|The Roots bed|
The root veg that I regularly grow include beetroot, parsnip and carrot. I have also got a few celeriac plants, which I will describe in this blog post as well. Earlier in the year I had a few kohlrabi, which were excellent, but that was before I got the Blogging Bug, so I didn't photograph them. I have in the past tried Swedes (they occupied the ground for a long time; produced a modest yield of a product that is incredibly cheap to buy in the supermarket), and "ordinary" turnips too, such as "Golden Ball" (I found them very prone to pest damage and hard to grow well in my dry sandy soil -- and Jane doesn't like them anyway!)
In the past I have not had much success with carrots (which by rights ought to do well in my sandy soil), but this has been mainly because of carrot-fly infestation. I normally had to harvest the carrots very young, before the fly had had the opportunity to do much damage, but this inevitably meant very small yields (very young carrots are nice though, aren't they?). I did one year try Enviromesh for the barrier method of pest control, but I found that this restricted the amount of light and water the plants received.

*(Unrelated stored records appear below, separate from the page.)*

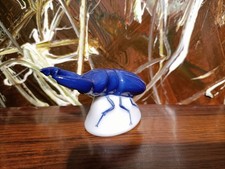 Porzellanmanufaktur REICHENBACH edler Hirschkäfer in Blau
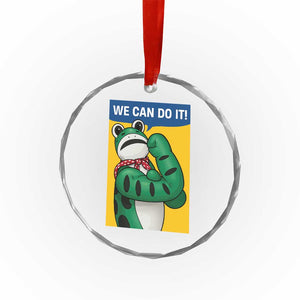 We Can Do It Rosie Frog Crystal Glass Ornament Resist Protest Parody Feminist Retro Poster - Print Your Wear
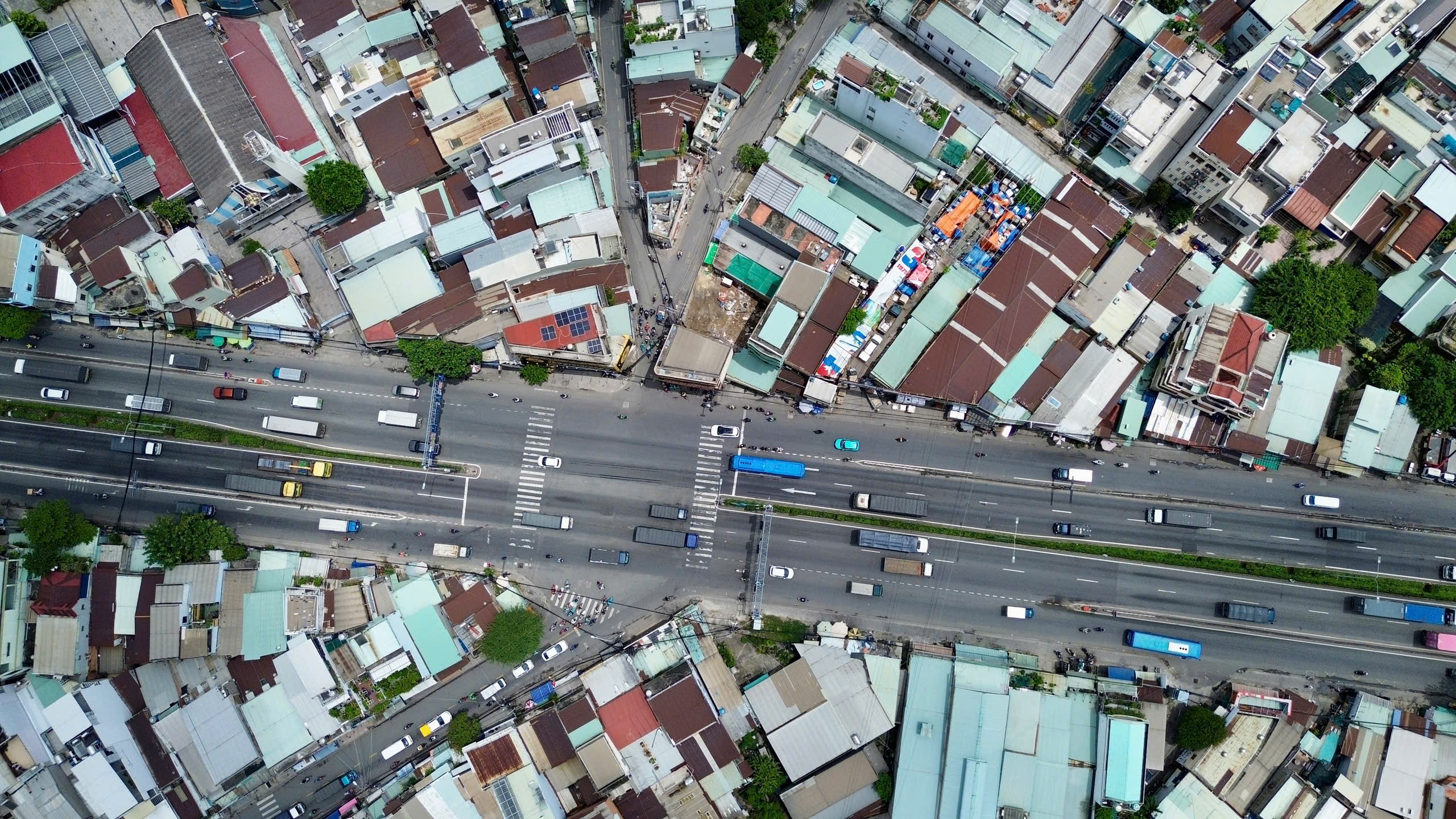 Cận cảnh nút giao được TP.HCM chi gần 400 tỷ đồng để nâng cấp, xóa kẹt xe- Ảnh 2. Cận cảnh nút giao được TP.HCM chi gần 400 tỷ đồng để nâng cấp, xóa kẹt xe- Ảnh 2.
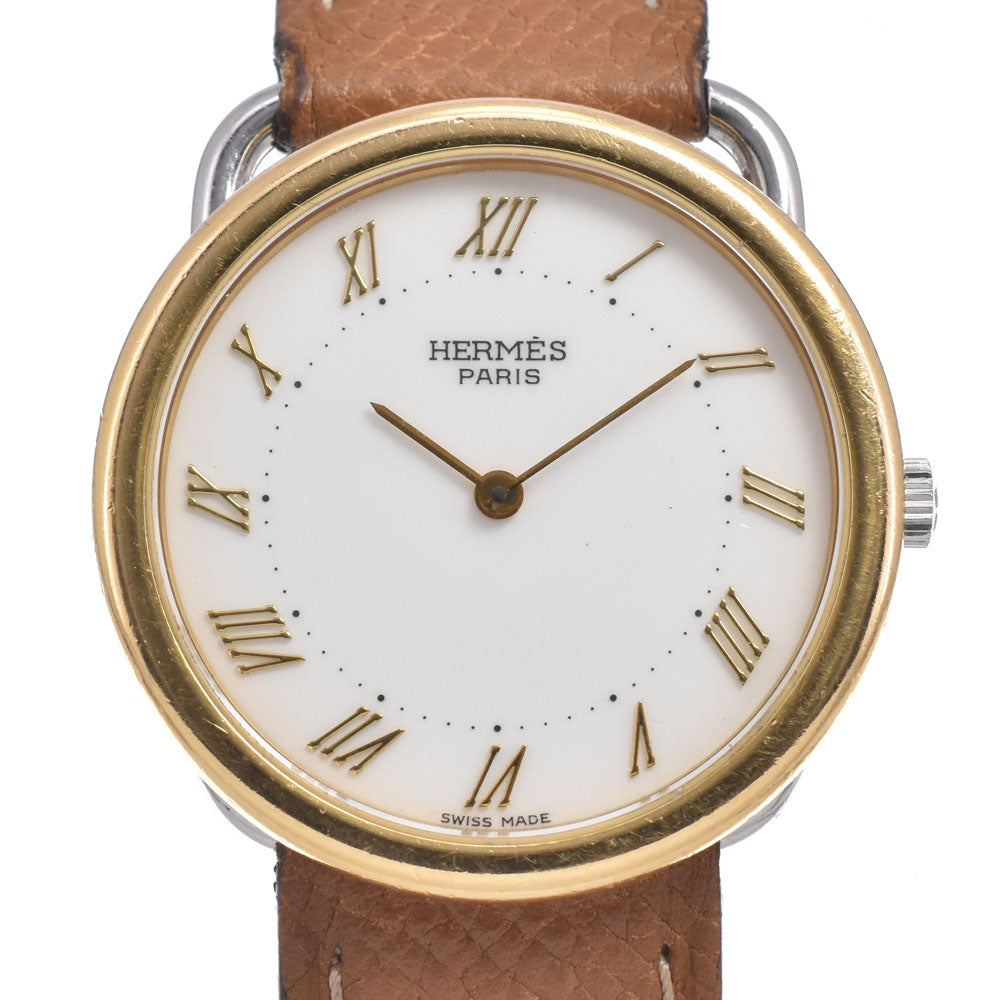 HERMES Arceau white Dial Quartz Unisex
 Watch J#150462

Even when watering by hand, most of the water ran off the mesh rather than penetrating it. Not a great success.
This year I decided to try some "fly-resistant" varieties. I had heard that these were perhaps a bit lacking in the flavour department, but actually this has not been the case. I bought seeds for "Resistafly" and "Flyaway", and sowed half a row of each. (My rows are only 2.4 metres long). After a hesitant start (the weather conditions in Spring were a bit wierd this year, and I had to re-sow part of the row in which practically no carrots germinated), they picked up and have gone on to produce my first-ever decent crop of proper full-size carrots. We have not eaten many of them yet, but those that we have had have been really good. Nice and tasty, a respectable size with few mis-shapes, and most importantly largely fly-free (though not entirely so). Here's some evidence...
|Beetroot, Carrots and Endive|
Beetroot is a susprisingly versatile vegetable. We normally eat it boiled and then served cold as a salad ingredient, because it is just wonderful like that. Actually, beetroot is a bit like Marmite (in some respects) -- you either love it or hate it. I love the rich "earthy" flavour, which is unfortunately often masked in shop-bought products by the addition of vinegar. If you like vinegar, you can always splosh some on just before serving...
Beetroot can also be used as a hot vegetable. The other day Jane cooked a couple of partridge, and we had roasted beetroot to accompany them, cooked in a roasting-tin under foil, with the addition of some balsamic vinegar (and perhaps a splash of Port, was it?). We both liked the beetroot done this way, but significantly -- not as much as we like it the plain boiled way. I have heard that boiled beetroot served hot (presumably you rub the skins off after cooking?) is nice with a cheesy white sauce. Must give this a try some time.
Tonight we are having a vaguely Scandinavian dish that consists of pork meatballs with baked beetroot. (I'll report on this later...). Probably a good opportunity for an accompaniment of my cucumber-ribbon salad (see my blog post on Cucurbits).
The beetroot variety I am growing is called "Boltardy", which is fairly tolerant of hot, dry conditions, and as the name suggests, less prone to bolting (though not totally exempt!). I have tried other varieties, such as "Red Ace", but I always come back to Boltardy.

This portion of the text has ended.